>>>>

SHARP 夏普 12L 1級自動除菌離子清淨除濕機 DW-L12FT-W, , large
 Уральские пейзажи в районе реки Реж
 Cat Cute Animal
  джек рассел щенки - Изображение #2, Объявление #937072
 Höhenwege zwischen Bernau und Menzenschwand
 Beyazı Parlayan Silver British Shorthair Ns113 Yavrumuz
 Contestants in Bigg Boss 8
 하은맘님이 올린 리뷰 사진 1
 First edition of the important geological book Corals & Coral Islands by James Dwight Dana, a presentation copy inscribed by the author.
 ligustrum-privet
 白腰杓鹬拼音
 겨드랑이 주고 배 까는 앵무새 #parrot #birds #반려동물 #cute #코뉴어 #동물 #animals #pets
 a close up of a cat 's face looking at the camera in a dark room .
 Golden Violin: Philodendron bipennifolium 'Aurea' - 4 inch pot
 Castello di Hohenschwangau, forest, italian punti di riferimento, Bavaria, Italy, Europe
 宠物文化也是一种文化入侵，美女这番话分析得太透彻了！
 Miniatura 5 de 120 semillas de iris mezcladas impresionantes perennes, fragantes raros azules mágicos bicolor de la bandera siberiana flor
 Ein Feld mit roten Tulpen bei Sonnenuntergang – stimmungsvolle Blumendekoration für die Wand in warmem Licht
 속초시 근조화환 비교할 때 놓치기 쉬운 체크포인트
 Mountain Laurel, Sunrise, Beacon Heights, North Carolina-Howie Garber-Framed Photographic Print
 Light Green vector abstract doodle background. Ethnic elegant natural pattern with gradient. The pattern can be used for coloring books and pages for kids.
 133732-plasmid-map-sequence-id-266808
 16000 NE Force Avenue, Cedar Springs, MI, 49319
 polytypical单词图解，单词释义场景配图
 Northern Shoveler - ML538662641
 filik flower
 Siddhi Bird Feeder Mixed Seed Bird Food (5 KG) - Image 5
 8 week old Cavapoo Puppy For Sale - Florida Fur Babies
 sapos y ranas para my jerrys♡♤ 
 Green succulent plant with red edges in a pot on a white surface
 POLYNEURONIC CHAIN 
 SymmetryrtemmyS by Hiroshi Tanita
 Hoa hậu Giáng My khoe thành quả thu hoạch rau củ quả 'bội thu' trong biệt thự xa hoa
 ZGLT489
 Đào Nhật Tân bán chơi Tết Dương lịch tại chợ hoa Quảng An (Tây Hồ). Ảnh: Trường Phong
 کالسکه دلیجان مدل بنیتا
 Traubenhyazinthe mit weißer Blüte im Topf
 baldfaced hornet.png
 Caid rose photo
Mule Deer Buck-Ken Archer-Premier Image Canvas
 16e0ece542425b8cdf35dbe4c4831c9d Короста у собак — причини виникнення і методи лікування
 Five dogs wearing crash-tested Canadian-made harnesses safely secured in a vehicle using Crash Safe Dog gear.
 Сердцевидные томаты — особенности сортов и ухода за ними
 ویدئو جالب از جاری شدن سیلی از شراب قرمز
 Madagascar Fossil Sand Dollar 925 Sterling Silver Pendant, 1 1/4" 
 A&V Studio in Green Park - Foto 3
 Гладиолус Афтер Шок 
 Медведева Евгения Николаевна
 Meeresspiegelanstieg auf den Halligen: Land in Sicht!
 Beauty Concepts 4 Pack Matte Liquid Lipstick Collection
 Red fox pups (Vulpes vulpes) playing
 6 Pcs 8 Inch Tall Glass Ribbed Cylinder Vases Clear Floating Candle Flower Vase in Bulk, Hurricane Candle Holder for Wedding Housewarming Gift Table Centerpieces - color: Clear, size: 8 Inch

<<<<

# TASK GOAL
Could you return exactly the stretch of the data above that starts at the line with "Light Green vector" and ends at the line with "16e0ece542425b8cdf35dbe4c4831c9d Короста у", both lines included?

# ANSWER AREA
 Light Green vector abstract doodle background. Ethnic elegant natural pattern with gradient. The pattern can be used for coloring books and pages for kids.
 133732-plasmid-map-sequence-id-266808
 16000 NE Force Avenue, Cedar Springs, MI, 49319
 polytypical单词图解，单词释义场景配图
 Northern Shoveler - ML538662641
 filik flower
 Siddhi Bird Feeder Mixed Seed Bird Food (5 KG) - Image 5
 8 week old Cavapoo Puppy For Sale - Florida Fur Babies
 sapos y ranas para my jerrys♡♤ 
 Green succulent plant with red edges in a pot on a white surface
 POLYNEURONIC CHAIN 
 SymmetryrtemmyS by Hiroshi Tanita
 Hoa hậu Giáng My khoe thành quả thu hoạch rau củ quả 'bội thu' trong biệt thự xa hoa
 ZGLT489
 Đào Nhật Tân bán chơi Tết Dương lịch tại chợ hoa Quảng An (Tây Hồ). Ảnh: Trường Phong
 کالسکه دلیجان مدل بنیتا
 Traubenhyazinthe mit weißer Blüte im Topf
 baldfaced hornet.png
 Caid rose photo
Mule Deer Buck-Ken Archer-Premier Image Canvas
 16e0ece542425b8cdf35dbe4c4831c9d Короста у собак — причини виникнення і методи лікування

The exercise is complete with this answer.